Professor Sir John Curtice, the psephologist, said it well this week: “You’re looking at a party that has been gifted this election. I think the problem the Labour Party should start worrying about is how to maintain popularity after they win.”
Keir Starmer’s ruthlessness in doing what it takes to win the election, and to take nothing for granted, is admirable in its way. But the promise to borrow £28bn a year – although terms and conditions applied – was obviously a potential liability and should have been abandoned months ago. And at some point, a candidate prime minister needs to devote a certain amount of compartmentalised time and staff resources to the question of what happens after polling day.
That is what Starmer and Rachel Reeves, the shadow chancellor, think they are doing. The reason the £28bn was junked was that the Labour leader set a deadline for submissions for the manifesto, and it became obvious that this was a number that they couldn’t put in it. But the arguments against it were more to do with war-gaming the election campaign than with preparing for government.
Labour knew how important it was, in fighting an election, that “the sums always add up” – Rachel Reeves’s words on Friday. So they have belatedly and inelegantly fixed that problem, while leaving the question of what they will actually do in government patently unfixed.
As a former Labour special adviser said to me, it is only now that the £28bn has been stood down that “people are talking about what it would have paid for – it got in the way of talking about what actually needs to be done with the money; it was classic big statism for the sake of it”.
More worryingly, the retreat suggests that “Starmer needs to be biffed on the nose by a problem – see also gender self-ID – before he deals with it, which bodes ill for what he’ll be like in office”.
Sure enough, here is the next problem that he doesn’t seem to have seen coming: the £28bn has gone, but the “mission” for which it was supposed to pay remains. Labour promises that the entire UK electricity supply will be carbon-free by 2030. This is a target that people in the energy industry think would be impossible even with unlimited funding, and yet Starmer and Reeves say they will achieve it with less funding than they were promising before.
Professor Dieter Helm, who was Reeves’s economics tutor at Oxford, is scathing in the Financial Times: “Having set an unachievable target, and then come up with an incoherent plan to achieve it, the plan has effectively been abandoned but the target remains.
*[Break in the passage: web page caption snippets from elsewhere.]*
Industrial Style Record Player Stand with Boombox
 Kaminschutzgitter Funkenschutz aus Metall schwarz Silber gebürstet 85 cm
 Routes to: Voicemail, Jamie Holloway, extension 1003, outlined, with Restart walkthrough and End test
This is not a credible energy policy.”
It is not clear which is more worrying: that Starmer and Reeves don’t know that the target is green pie in the sky, or that they don’t care. Maybe they hope to swivel once in office to say that they never thought they would hit it; what they meant was that they would try really hard to get there faster than a Conservative government would – the Conservative target of 2035 is after all already testing enough.
Reeves admitted that 2030 is a “stretching target”; James Murray, a junior shadow Treasury minister, said it was Labour’s “ambition”; Starmer himself recently called it a “confident ambition”, which it may be until such time as it becomes an unconfident one.
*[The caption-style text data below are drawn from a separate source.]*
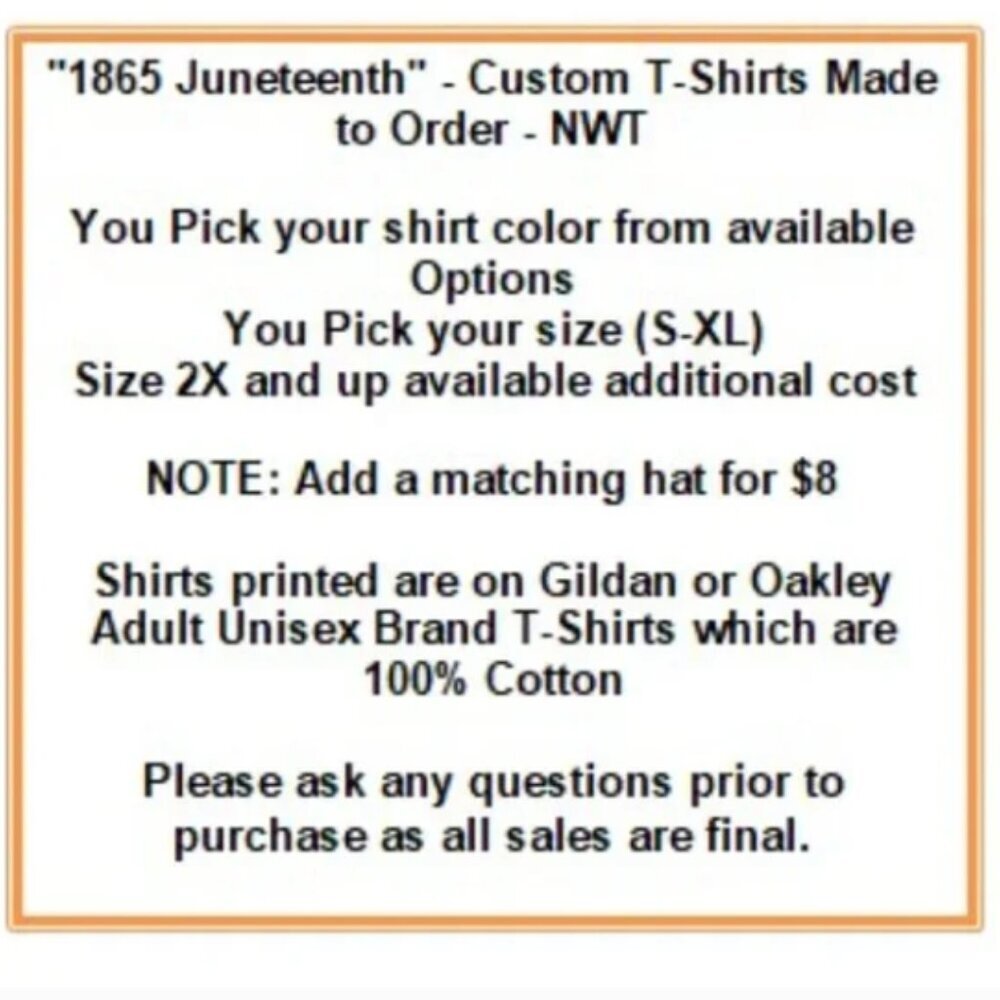 "1865 Juneteenth" - Custom T-Shirts Made to Order - NWT - Picture 8 of 9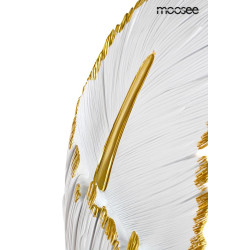 Kinkiet glamour Piórko biało złoty dekoracyjny artystyczny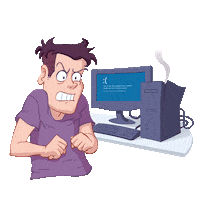 iStorm angry apple pc broken Sticker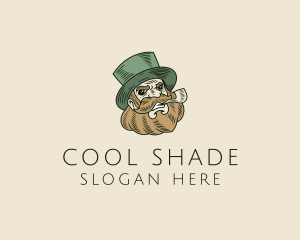 Smoking Pipe Leprechaun logo design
Which will be very soon after Starmer, if elected, takes office. Maybe most voters won’t care, but many core Labour voters, who are deeply concerned about the climate emergency, will be upset. It may be that Starmer can afford to lose one part of his electoral coalition – except that the situation he will inherit will be so difficult that it is hard to see which part of his coalition he can retain for more than a few months.
How quickly, for example, will voters be disappointed that the new government has failed to raise living standards, cut NHS waiting lists, or build extra houses? The last time a new Labour government came to power, the economy was in good shape, thanks to the responsible stewardship of Norman Lamont and Ken Clarke. Partly because of that, people were prepared to give Tony Blair time to learn on the job.
This time, taxes will need to rise or public spending will need to be cut, thanks to the “bare cupboards” policy of Jeremy Hunt. Labour seems unprepared for the difficult decisions it will face.
Even if Blair sends a copy of his new book to Starmer when it is published in September, the lessons New Labour learned in government, while useful, will not help to magic away the reality of the ruined public finances. Blair says On Leadership: A Practical Guide is the manual on political leadership that he would have wanted in 1997, but it cannot change the different nature of Starmer’s likely inheritance.
I fear that Starmer will have the shortest-ever honeymoon as prime minister, and that the new government will become unpopular very quickly.